Some examples: At the Summer Olympics, the Olympics Committee claimed property rights in news of sporting events, raw tabulations of the results of competitions and even real-time diaries of Olympic athletes that hometown newspapers wanted to publish. Many information vendors are seeking to privatize the ownership of public facts, as contained in database compilations -- a move that could privatize control over stock quotes, baseball box scores, and other collections of facts.

Disney may have made a lot of money privatizing folk stories from the public domain such as Snow White, Pinocchio and Br'er Rabbit -- but that doesn't stop them from trying to extend the term of copyright protection so that Mickey Mouse won't enter the public domain in 2003, after 75 years of taxpayer-enforced copyright protection.

The market enclosure of the cultural commons can also be seen in the commercialization of the public schools -- through the pseudo-educational Channel One, through brand name products in textbooks, and through school districts selling Coca-Cola and other junk food vendors exclusive access to captive audiences of school children.

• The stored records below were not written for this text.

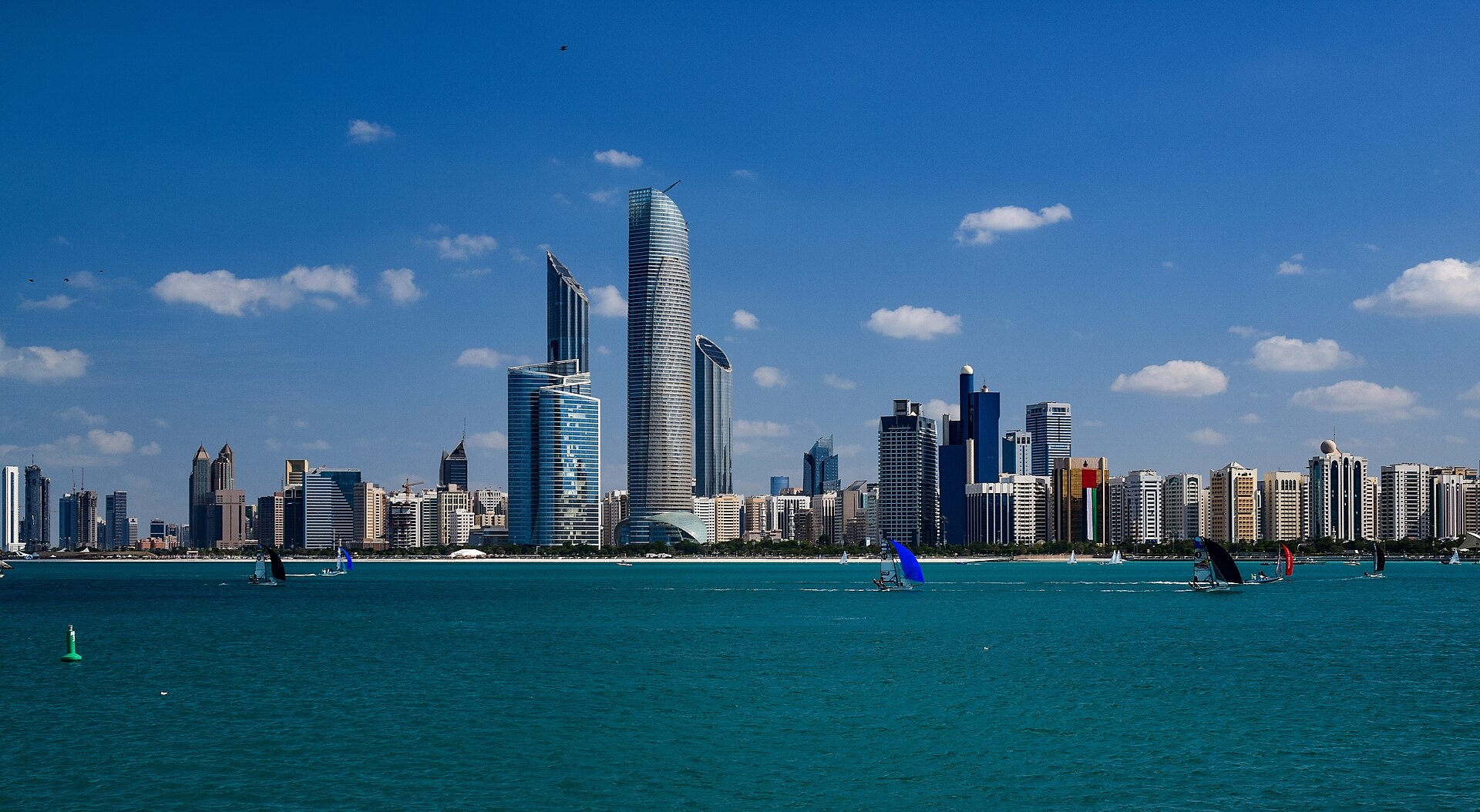 The skyline of Abu Dhabi, the capital of the United Arab Emirates and seat of its federal government. As the largest and wealthiest of the seven emirates, Abu Dhabi holds the presidency and much of the country's oil wealth.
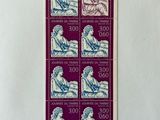 a stamp with a picture of a woman sitting on a bench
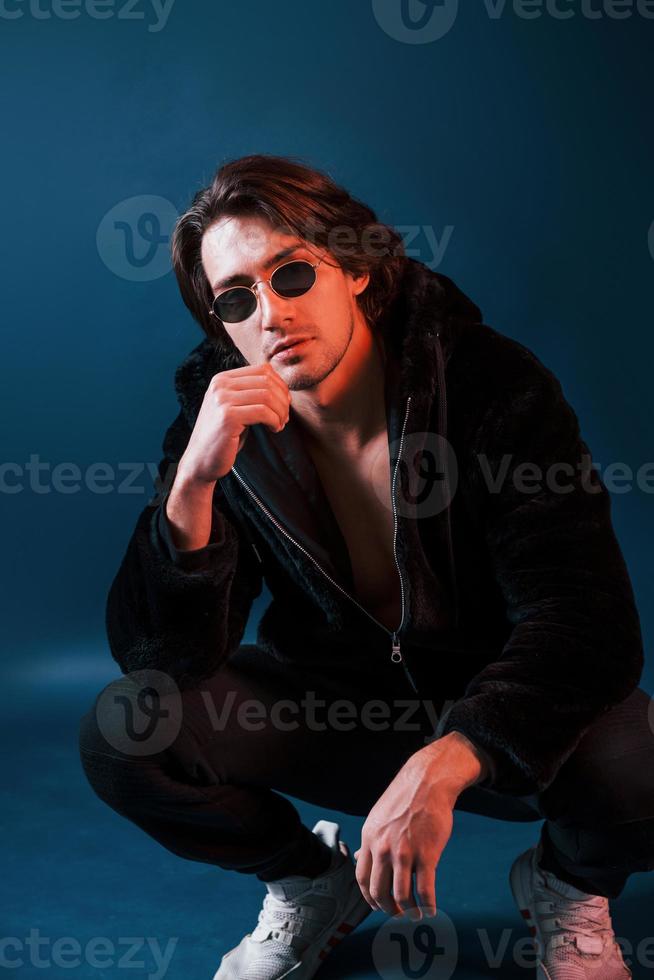 Beautiful man in glasses and black clothes sits in the studio with blue neon lighting photo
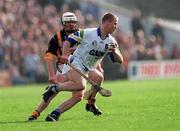 12 March 2000; Brian Flannery of Waterford in action against Kevin Power of Kilkenny during the Church & General National Hurling League Division 1B match between Kilkenny and Waterford at Nowlan Park in Kilkenny. Photo by Ray McManus/Sportsfile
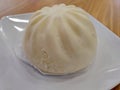 Delicious white loaf of steamed buns on a white plate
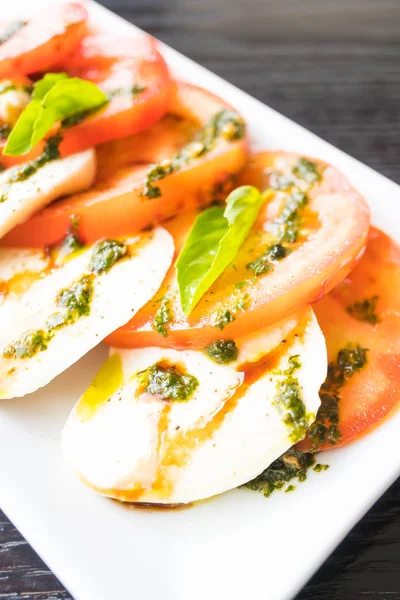 Салат з помідорами та сиром моцарелла в білій тарілці — стокове фото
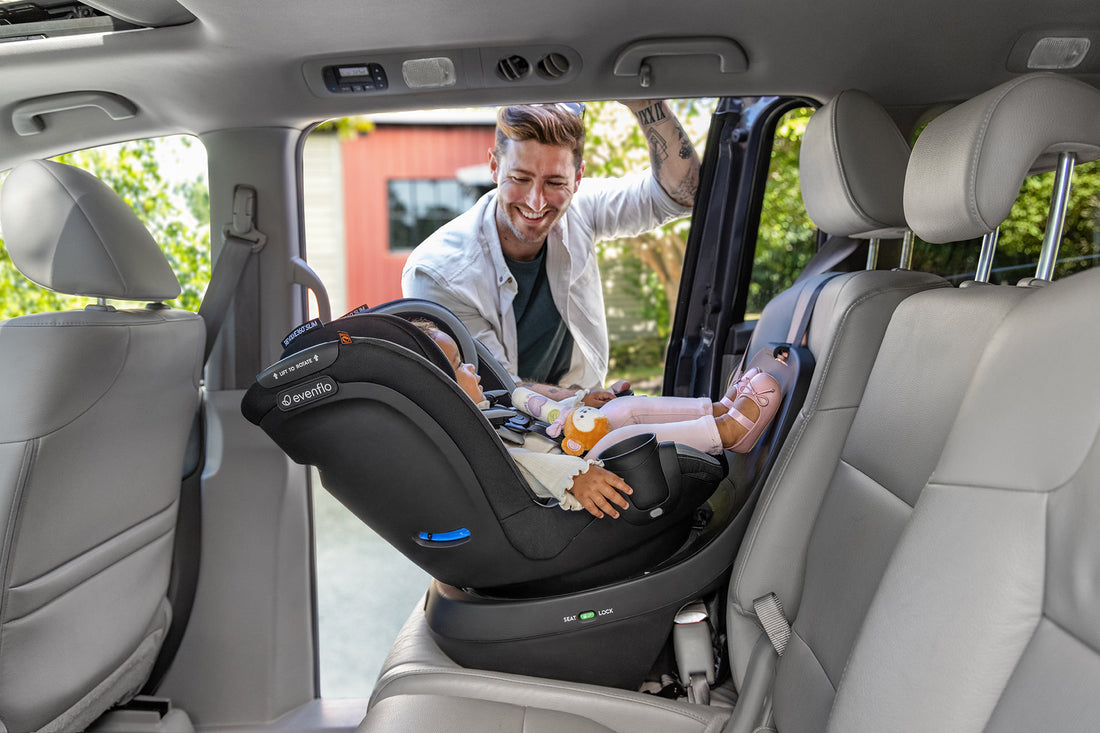 Man looks on at child in Revolve360 Slim 2-in-1 Rotational Convertible Car Seat in rear-facing mode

This, at a time when childhood obesity and diabetes are becoming serious public health problems.

The commercialization of culture is in fact reaching almost Lenin-esque proportions as sports stadia, parades, city festivals, the football bowls, subway stops and Broadway theaters are being renamed after corporations and bestrewn with ubiquitous corporate logos. The marketization of American culture is so far-reaching that thousands of citizens tried to sell their votes via websites in the 2000 elections, computer software can now slice out brief seconds of silence on the radio in order to save time and insert more ads per hour, and one of the most popular tattoos is the Nike swoosh -- the branding of flesh. The latest rage is captive audience marketing which ambushes you at the gas pump, in the elevator, in the movie theater, and in the bathroom.

The enclosure of the commons, as these many examples suggest, is a wide-ranging political, economic and cultural phenomenon. Yet there are also a great many common underlying dynamics at work here. That, in fact, is why "the commons" is useful as an analytic framework. It helps organize and explain a wide diversity of phenomenon that otherwise are only seen in isolation -- episodic outrages, not systemic problems.